Non esiste alcuna simmetria nel sapere. Chi non conosce la grammatica non può ridere di un filosofo. E gli stolti hanno il riso facile. La volgarità è facile al riso. Volgarità che è nell’anima prima ancora che nelle parole. Leggo sul Fatto quotidiano (Lunedì 12 gennaio 2015) di una trasmissione televisiva (South Park) in cui si recita “la Madonna caga sangue dal culo sul Papa – per poi scoprire che no, non sta sanguinando dal culo. Sta sanguinando dalla vagina ed è normale che le pollastrelle sanguinino dalla vagina (testuali parole del Papa in versione South Park)”. Parole che mi è offensivo scrivere. Satira? Libertà di espressione? No, è l’orrore!

Si attribuisce a Voltaire la frase “Combatterò tutta la vita le tue idee, ma sono disposto a dare la vita perché tu possa esprimerle”. Pienamente d’accordo, ogni libertà compresa la libertà di stampa è inviolabile. Nessuna censura. Ma religioso o laico che sia, la volgarità va fermamente combattuta tutta la vita. Nei media come nella quotidianità. Chiamare satira la volgarità è una bestemmia. Diverso è il riso che bacia l’essente. I cattivi ridono sempre.

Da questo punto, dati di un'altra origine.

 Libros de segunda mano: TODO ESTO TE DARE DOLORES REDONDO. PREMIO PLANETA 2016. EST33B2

Je suis Chiarlie? Quanti possono dire di aver conosciuto Charlie Hebdo?
“Je suis Chiarlie” era scritto sulla maglietta di Vauro nell’ultima trasmissione di Piazza pulita di Michele Santoro, Vauro che da vignettista Charlie Hebdo l’aveva conosciuto.
Vauro è stato accusato di aver criticato in passato Charlie Hebdo, si era espresso sul pericolo che la rivista correva ridicolizzando l’Islam, è stato accusato per questo di essere ipocrita nell’indossare tale indumento. Il quotidiano Libero, la cui stessa testata offende il principio che invoca e il cui il pensiero debole fa vendere vendendo fango, riprendeva il tema e l’accusa. Ma che relazione c’è tra criticare una persona e desiderarne la morte fino ad ucciderla?

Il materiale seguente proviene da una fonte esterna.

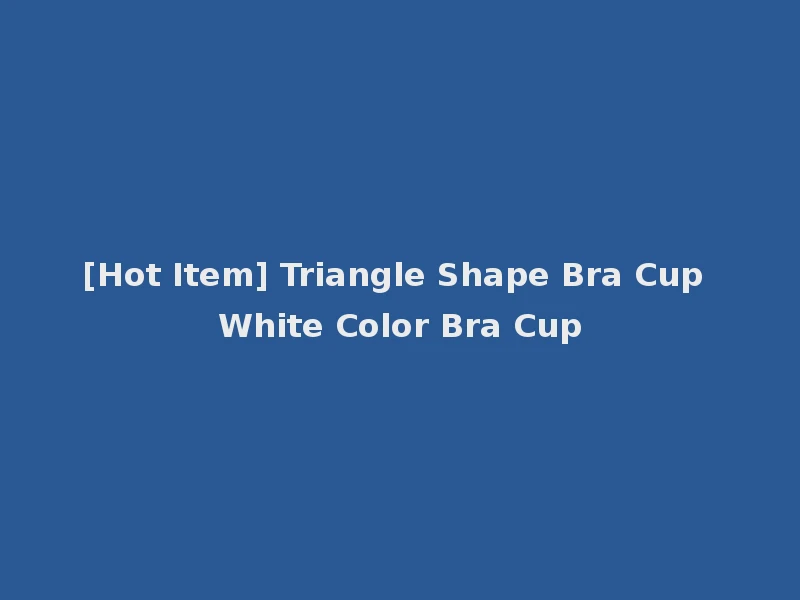 [Hot Item] Triangle Shape Bra Cup White Color Bra Cup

Per un verso Vauro ha indubbiamente fatto bene a indossare la maglietta, per un altro ci si deve domandare se indossarla è un gesto per difendere la vita e la libertà di espressione o appoggiare le idee di “eroi” del cui operato non sappiamo nulla.
Eroi? Chiamereste eroi chi ha proferito frasi come quella sopra riportata? La morte non santifica. La pietas dovuta ai morti e che tutti ci assolve è solo il perdono finale. Il pensiero debole ora si chiede “ma quella è stata proferita da una trasmissione americana e non da Charlie” e ancora “che ne sappiamo noi della satira di Charlie?”. Appunto! Dio mio, quanta pazienza … personalmente credo che abbiamo il diritto di critica solo in casa nostra e se le critiche debbono essere come quella succitata neppure in casa nostra. Pena il disprezzo, non la morte.

Il circo mediatico scatenato e senza freni ha ancora una volta offerto lo spettacolo di una pretesa unità di oppressi e oppressori, dimentica per un giorno dei conflitti in casa propria. Per certo io non sono Charlie, sono disposto a appoggiare ogni satira, ma non sono disposto ad accettare la volgarità. Le religioni hanno per certo molti aspetti ridicoli che vanno sconfessati, sconfessati per mezzo della denuncia e della provocazione fino a dare scandalo, ma lo scandalo deve riguardare solo quegli aspetti che la ridicolizzano nel rispetto e in aiuto di chi si sta ridicolizzando per quello che chi viene investito è in grado di digerire, altrimenti è bullismo: il compiacersi tra pari di essere felici della propria appartenenza disprezzando il prossimo.

Il cinismo dei media che si concretizza in una satira che offende anziché provocare offende la verità. Giornalismo non è informare, ma contribuire a far emergere la verità.
Si chiacchiera sull’accaduto. Ci siamo dimenticati dell’essere, dell’ente fonte dell’informazione. Solo la cultura ci salverà.